OK. Gathering a bunch of ‘world leaders’ in the one place is a huge opportunity for terrorists, and is going to require a level of security that is, at least in Sydney, unprecedented.

You know what? There are two really simple solutions to this problem.

You could hold the event in Canberra. It's the capital city of Australia, so it's not like you're bundling everyone off to Adelaide or something, but at the same time it's a much smaller city than Sydney, which makes it far easier to secure, far easier to notice if suspicious people decide to visit for the weekend, and since government is already the town's primary industry, far less of a disruption to the general populace.

Except who would trek halfway around the world to spend four days in Canberra? You'd have the first APEC where nobody showed up.

Which, really, wouldn't be a bad thing. If terrorism is such a big problem, surely the first and most obvious response is not to hold events where several dozen potential targets all gather in the same hotel? Hook up a videoconference. Send delegates and diplomats. Sure, you miss out on a photo-op or two, but what was that about having to make sacrifices to ensure our security? I guess that only applies to those of us who are going to have to show our papers at half a dozen checkpoints just for the privilege of going into the office.

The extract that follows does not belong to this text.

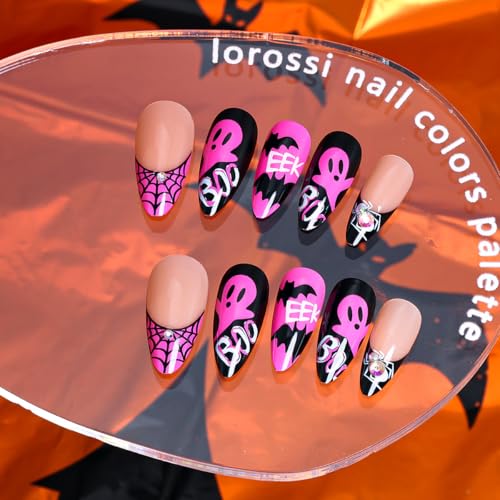Halloween Press-On Nails - Special Halloween-1, Pink & Black Gothic Design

Really, the residents of New South Wales are spending millions of dollars in tax money and putting up with an invasive security regime just so John Howard can get his photo taken next to George Bush (in whatever funny outfit we decide is this year's theme) a month or so before the general election.

Knowing who the author is doesn’t spoil Fake Steve any more than knowing which cast member is playing the president on Saturday Night Live. It’s the performance that counts, not the secret. -- John Gruber, Daring Fireball

I'm not so sure.

Two days ago, Fake Steve Jobs existed in a narrative vacuum. The only point of reference we had to connect him to the real world was the real Steve, and that's part of what made the character work. You couldn't see the man behind the curtain, so everything he said was naturally part of the fiction. The anonymity was part of the performance.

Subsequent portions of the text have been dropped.